La situation critique concerne l’approvisionnement gazier de l’Europe dure déjà depuis un an. Elle bouscule de nombreux acquis et modifie les voies d’approvisionnement. Nous assistons à une inversion des flux avec du gaz ne vient plus de l’Est mais plutôt de l’Ouest et du Sud et à un changement du rôle de la France qui devient une porte d’entrée pour le gaz naturel liquéfié (GNL) avec ses quatre terminaux méthaniers. Quel est votre regard sur cette situation ? Quel a été est l’impact de cette situation sur le travail de GRTgaz et de ses agents ?

En effet, la situation géopolitique que nous connaissons depuis le début de l’année a comme conséquence d’inverser radicalement les routes de l’approvisionnement en gaz de l’Europe telles que nous les connaissions depuis plus de 40 ans. Désormais les flux sont majoritairement orientés de l’Ouest vers l’Est du continent. Fort heureusement, du fait de sa situation géographique, la France dispose de 4 terminaux méthaniers, 13 stockages et 6 points d’interconnexions avec les pays voisins, une situation unique en Europe. Ces infrastructures se sont notamment développées avec les investissements réalisés au cours des 15 dernières années pour accompagner l’ouverture des marchés de l’énergie et la construction d’une zone unique en France sous l’impulsion de la CRE. Nous ne pouvons que nous en féliciter aujourd’hui.

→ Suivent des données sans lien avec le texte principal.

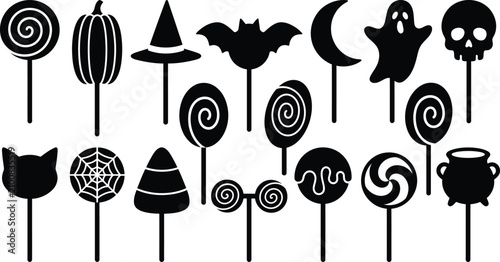 Halloween themed lollipop icons in black and white for party decorations or candy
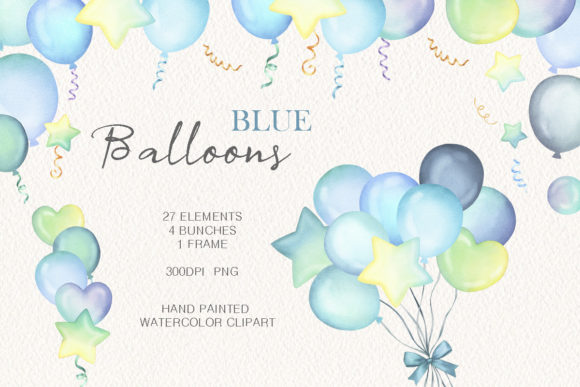 Download Watercolor Blue Balloons Party Clipart - Art Collection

Depuis le printemps, les équipes de GRTgaz sont pleinement mobilisées pour rendre possible cette inversion des flux sur le plan physique et contractuel. La contribution des équipes en charge de la surveillance de l’équilibre du système gaz et du monitoring de la situation fait l’objet de fortes attentes.

Nous travaillons à des mesures opérationnelles, dans des délais contraints, comme la mise en oeuvre d’un flux physique vers l’Allemagne, effective depuis le 13 octobre, ou le raccordement d’un terminal flottant au Havre dont la mise en service est prévue à l’été prochain. Mais nous devons aussi dès maintenant préparer le moyen terme et prendre les bonnes décisions sur les développements qu’il conviendra de réaliser en France et en Europe dans les prochaines années. Il faut aller vite et en même temps bien tenir compte de tous les paramètres : coûts, délais de réalisation, besoins, bénéfices attendus, évolution des consommations… sans oublier le développement des gaz renouvelables et du marché de l’hydrogène.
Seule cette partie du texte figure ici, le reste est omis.